Variable Air Volume
A Variable Air Volume (VAV) system is an all-air HVAC system that varies the amount of supply air flowing to each zone to maintain comfort while generally keeping the supply temperature of the air fixed (or at least relatively constant). A modern VAV air handler has a fan using a variable frequency drive that reduces the airflow as needed, but historically other methods have been used, such as variable inlet vanes or an outlet damper. The air handler consists of a fan, an air filter, a cooling coil, often using chilled water, and an optional preheat coil, often using hot water. The chilled water and hot water are typically from the primary plant’s chiller and boiler. For smaller buildings, a direct-expansion cooling coil may be paired with a number of different types of preheat coils.
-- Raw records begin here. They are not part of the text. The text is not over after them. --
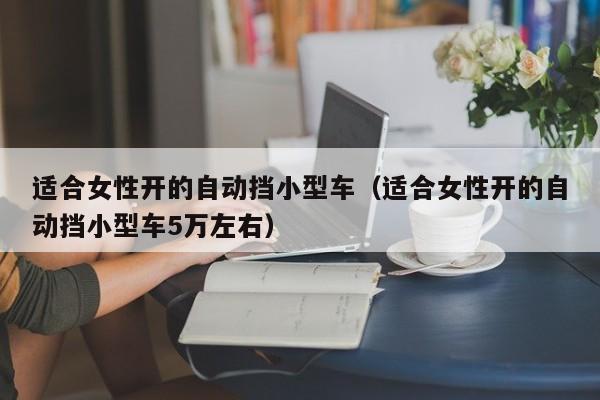 适合女性开的自动挡小型车（适合女性开的自动挡小型车5万左右）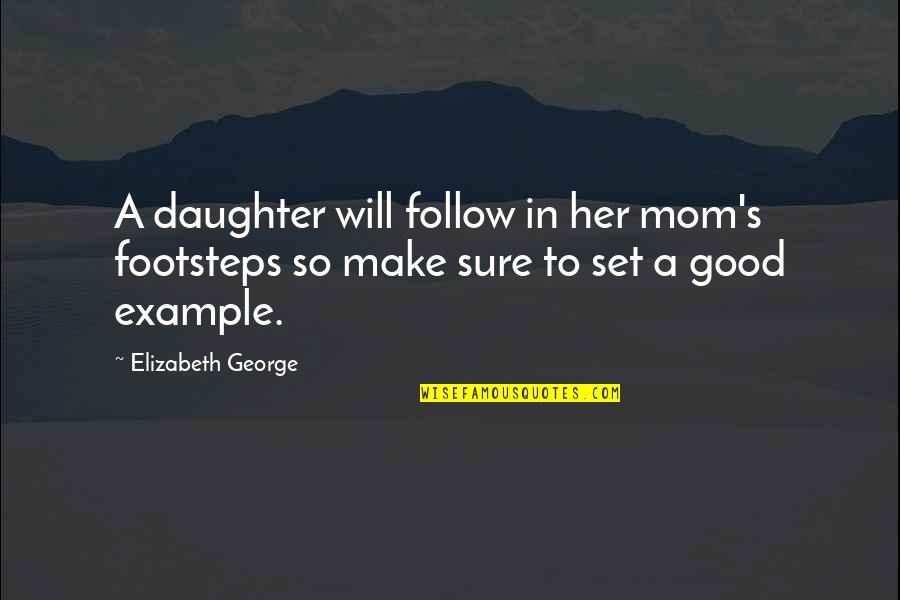 Daughter In Quotes By Elizabeth George: A daughter will follow in her mom's footsteps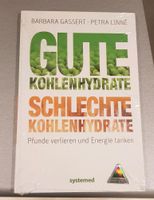 Gassert Gute Kohlenhydrate schlechte Ratgeber sachbuch Bayern - Augsburg Vorschau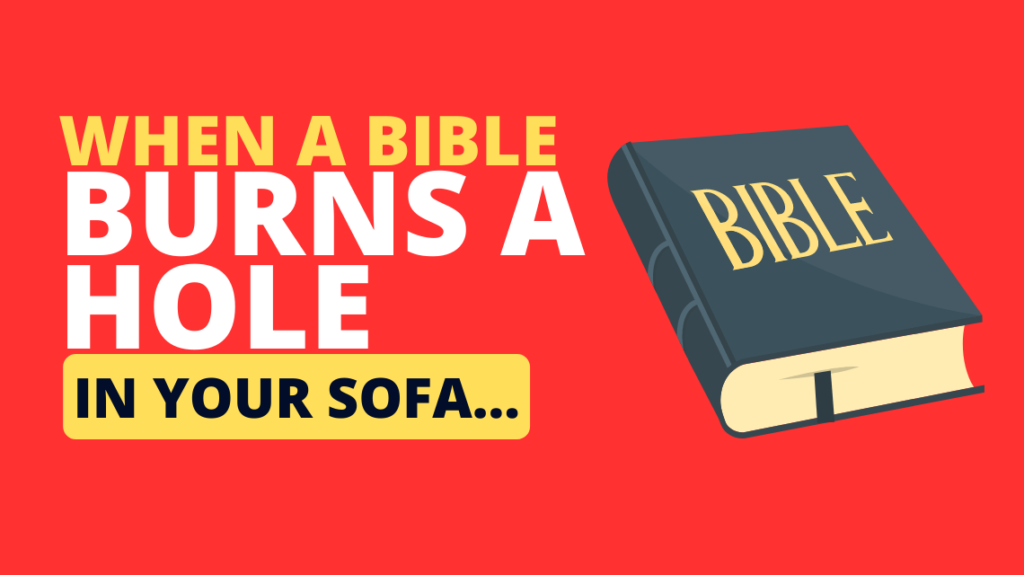 When a Bible burns a hole in your sofa…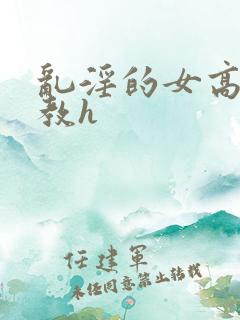 乱淫的女高中调教h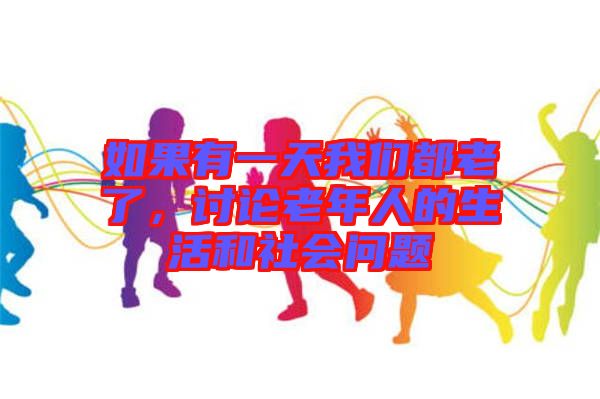 如果有一天我們都老了，討論老年人的生活和社會(huì)問題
Each zone is then served by a VAV terminal box that includes at least a damper controlled by a thermostat to reduce the amount of air coming into the zone for lower cooling loads. The VAV terminal unit, usually called a VAV box, often has a reheat coil to provide warmer air to the zone when it needs heat. Often the reheat is either by electric resistance or a hot water coil. Each VAV box often serves a number of different spaces, each of which gets a fraction of the airflow provided.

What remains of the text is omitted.